Pare Lorentz's two groundbreaking 1930s documentaries, paid for by the US government and making no apologies for their propagandist intentions, are here presented with the evocative scores by composer Virgil Thomson played in modern sound by the Post-Classical Ensemble with Angel Gil-Ordóñez conducting. There are unnerving modern resonances in these two films, one about the plow's partial destruction of the great plains that led to the Dust Bowl (reminding us of the modern near-depletion of the Ogalalla aquifer in that same area), and the other about upstream flood control containment by dikes and levees of the Mississipi for 1000 miles of its length, touted as a great marvel of man's taming of Nature but as we now know contributing to such things as the awful destruction wrought by Hurricane Katrina.
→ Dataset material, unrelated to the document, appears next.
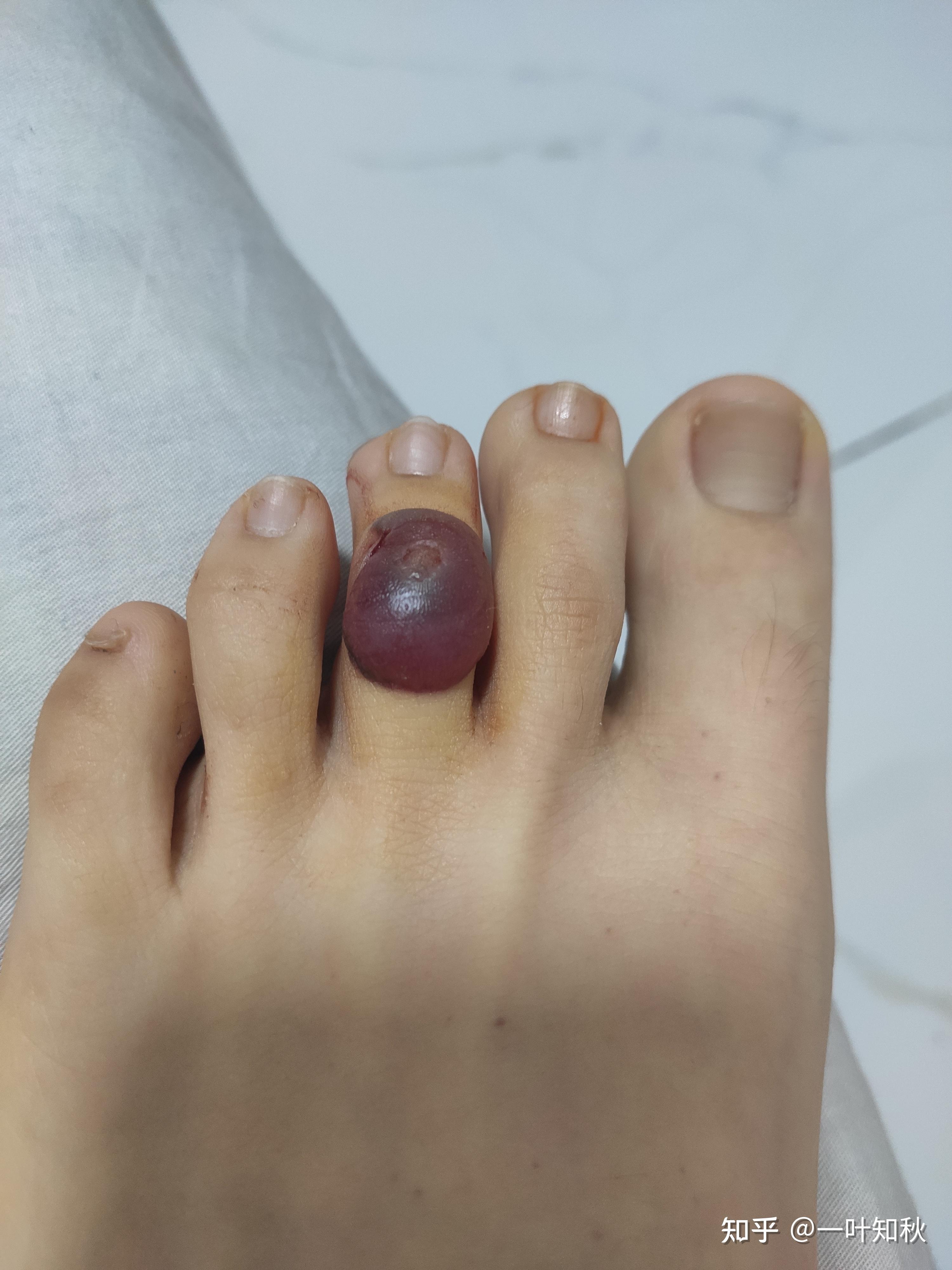 液氮冷冻治疗后手指上出了血泡而且越来越大该怎么办? - 知乎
The black-and-white films themselves are visually beautiful. The cameramen sent to photograph scenes used in the film included such luminaries as Paul Strand. The narration, written by Lorentz, is poetic.
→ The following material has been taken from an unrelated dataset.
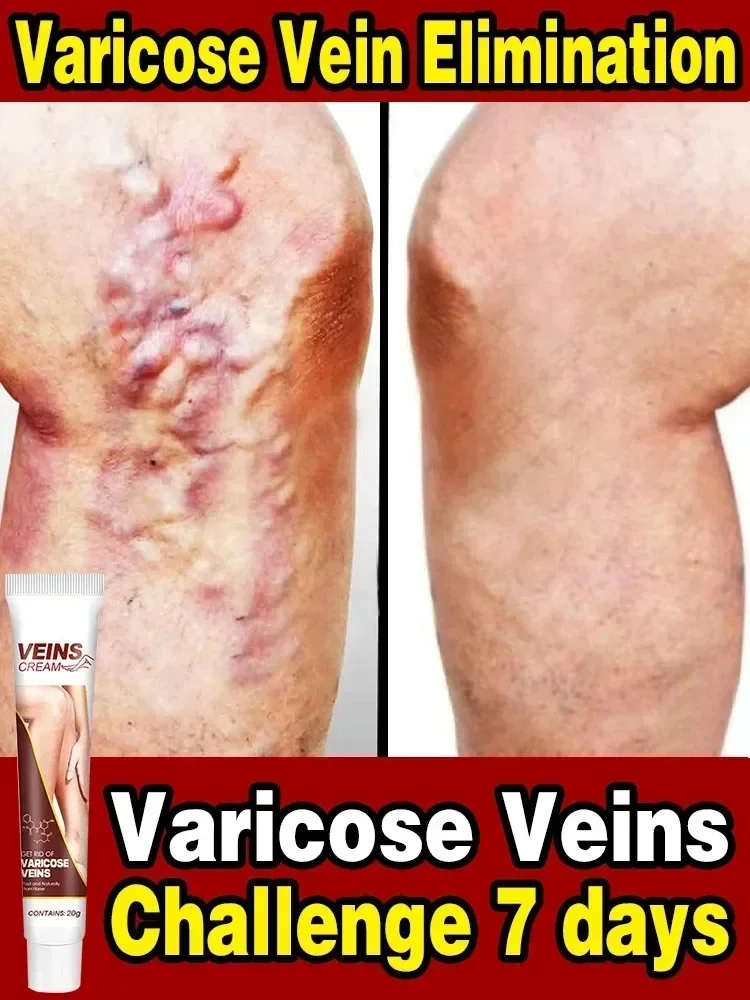 Varicose Vein Relief Paste Improve Blood Circulations Spider Varicose Vein For Tired Heavy Legs Fast Relief New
Thomson's music is simple-sounding and triadic in the extreme, making use as it does of such tunes as the Doxology ('Praise God From Whom All Blessings Flow', scored differently and aptly at different points in 'The Plow') and 'Go Tell Aunt Rhody.' And it is both esthetically and emotionally satisfying. The DVD makes use of a modern re-recording of Thomson's scores, and the new recording of the original voice-over narration is nicely done by Floyd King. There is, however, the option to play both films with the original scores' 1930s soundtrack music conducted by Alexander Smallens. We also get a couple of interviews with George Stoney, later himself a distinguished documentarian but in the 1930s a PR person for the government; he showed the films to groups of citizens in the Southeast and recalls many details about the films' origins and their initial reception. Joseph Horowitz talks with composer Charles Fussell, a student of Thomson's, about the scores. (It might be noted that there has been a recent CD on the Albany label that presents both Thomson's and Fussell's cello concertos, and very nicely done, too.) There is a 1979 audio-only interview with the late Virgil Thomson in which he talks about the two films and about film-scoring in general.
I had been familiar with the scores of these two films for many years. As I grew up in the Dust Bowl area, I remember many stories of that awful period and had been particularly interested to see 'The Plow'. (As a small bit of irony, I now live in the Vermont town where the inventor of that plow, John Deere, learned the blacksmithing trade.) I must say that I was thrilled with both films. These are important documents restored to their original luster.